La marca de la bestia supuso en cambio, un placer corporal.

Las deidades digirieron el golpe porque supieron que uno de sus hermanos -esos idólatras e inconformistas demonios de la piel que fueron como ellos, y sólo eligieron el camino difícil y arduo de la espina en vez del aroma- reclamaba un espacio. Nada dijeron, se retiraron en silencio y contemplaron.

Abajo, muy abajo, donde la luz es iris de oscuridad y brillan sin chillar los cadáveres de las ratas, compungidas criaturas recovequearon un aria. No pregunté con mi boca cosida: el sabor del esparto, en esas situaciones, siempre excitaba a una mente enferma.

Ya sin pulpos en las manos, aprendí de memoria el olvido de los amigos, la ingratitud de la familia, el sinsabor de la verdadera patria.

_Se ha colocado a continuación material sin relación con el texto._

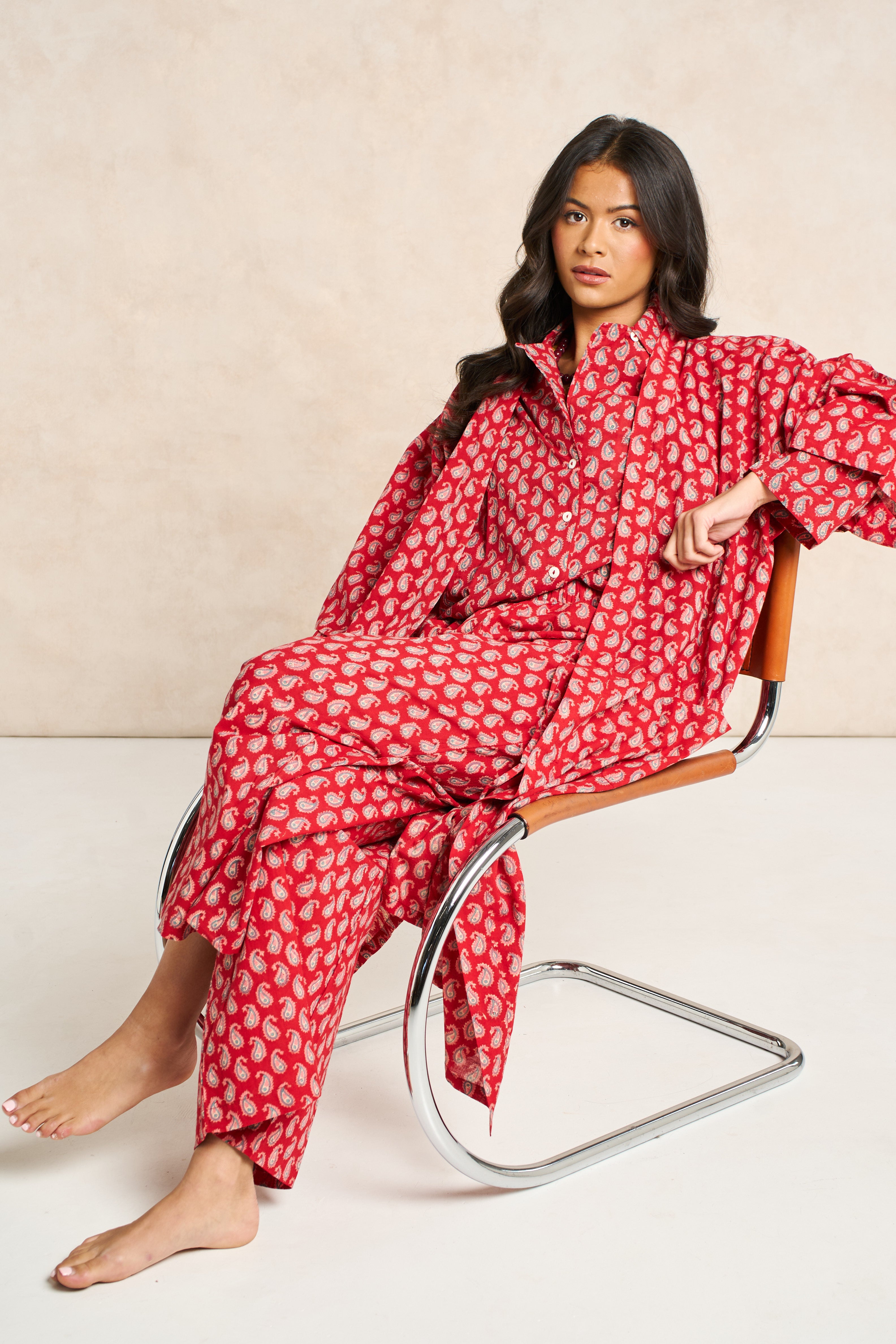 Ruby Red & Champagne Block Print Matching Set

Y la literatura se hizo presente como un color de sinestesias táctiles.

Sin embargo, Beckett aullaba silencios y Pound condicionaba a los negros de entrañas brillantes, purificadas por el vanadio, la plata, la zirconita: espantaba el color de la hiel de los vendedores, en puestos mugrientos que a voces mercadean aún sobre mis cejas: la mirada habla sin demasiados rencores, animal, venado que huye de la hipocresía, sin heridas del otro.

Aumenta el calor, dije. Mañana será peor, contestó el mexicano Huayáscar: piel derruida, cabellos largos y entramados a la cara, ojos verdes de un negror que enfilaba bosques de obsidianas en peregrinación a los más esbeltos cuellos.

El sudor espera una reacción soporífera, de hombre maduro o mujer expectante por sabia.

El perdón no recurre a los niños porque ellos sumergen el odio en leche azul de madres de coral. Esto vi cuando me enviaron abajo, muy abajo. No fue el viaje de mi vida, pero como todos, acabó en mitad del bosque, donde musgos hablaban de las setas y hongos que jamás, escuchad, jamás, me oí gritar, dejaré de lamer, oh, hembra devoradora de otras hembras, oh tú, embridada mujer que a mis ojos reclamas la luz que succionaste a caricias.

Sin el otro mundo que cabalga en estómagos de pétrea falange, las ojeras son argollas que ofuscan el deseo.